企画展「フローラヤポニカ - 日本人が描いた日本の植物 -」 が国立科学博物館で開催されています(注)。

世界でもっとも著名な植物園であり世界遺産にも登録されている英国キュー王立植物園で、2016年9月から2017年3月にかけて「日本人画家が描いた植物画展」が開催されました。これを記念してこのなかから、えりすぐりの植物画を紹介・展示しています。

日本列島には約6700種の陸上植物が自生しており、そのうち約1800種が日本だけに生育している日本固有の植物です。本展をみれば、このゆたかな植物多様性がよくわかります。 

また『カーティスのボタニカルマガジン』という、1787年に英国で創刊され、230年をへた今日でも刊行されつづけている植物学の専門誌のなかから、何枚かの原画が、キュー王立植物園以外でははじめて公開されています。


四季をいろどる植物
 キリ、イロハモミジ、ヤブツバキ、ウンシュウミカンなど
日本の固有種
 ハマギク、ホオノキ、シラネアオイ、コウヤマキなど
絶滅危惧種
 ヤマシャクヤク、ホソバシャクナゲ、サンショウバラ、エゾウスユキソウなど
東日本大震災
 「奇跡の一本松」(アイグロマツ)


それぞれの植物画は、それぞれの植物の特徴をよくとらえて、重要な部分を強調しているのでわかりやすく、植物の微細構造から全体構造までを理解することができます。

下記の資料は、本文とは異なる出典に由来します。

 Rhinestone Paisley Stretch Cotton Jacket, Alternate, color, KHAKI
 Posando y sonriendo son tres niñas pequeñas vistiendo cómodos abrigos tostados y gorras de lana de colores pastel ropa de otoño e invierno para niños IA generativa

植物画のような写実絵画はまるで写真のようです。しかし写真とはちがいます。写実絵画は、ありのままに対象をえがいたものですが、実際には、本物以上に "本物的" なのです。ここがおもしろい! たとえば本物もうつくしいのですが、写実絵画ではさらにうつくしくなっています。それで「一目ぼれ」してしまう人がでてきます。

写実画家は対象をまず観察します(インプット)。すると情報が、画家の心のなかにはいってきて、心のなかをとおりぬけます。このときに取捨選択がおこります。そして画家は、そのとおりぬけてきたイメージをアウトプットします。みずからのプロセシングの結果をアウトプットしているのです。ただしあくまでも事実を反映しています。創作はありません。

このように写実絵画は、対象をそのままうつしとったものではなく、写真とはちがいます。しかしまるで写真のようなのです。奥ぶかい世界がひろがっています。




本展で紹介されているようなすぐれた植物画をみて、そして植物の写真あるいは実物をみると植物に関する認識が急激にふかまります。写真あるいは実物をみていたときにはわからなかったポイントがわかってきます。

おなじようなことは、動物でも民族でも乗り物でも、あらゆる対象についてなりたちます。このような観点から、よくできた図鑑はとても役立つといえます。

あるいは Google マップというアプリをつかったことがあるとおもいます。地図と航空写真を瞬時にきりかえてみられる便利なアプリです。地図は、道路や鉄道などの交通機関をやや強調していえがいています。航空写真をそのままえがいたのではありません。航空写真とともに地図をみるとポイントがよくわかります。地図と航空写真をくみあわせる効果はとても大きいです。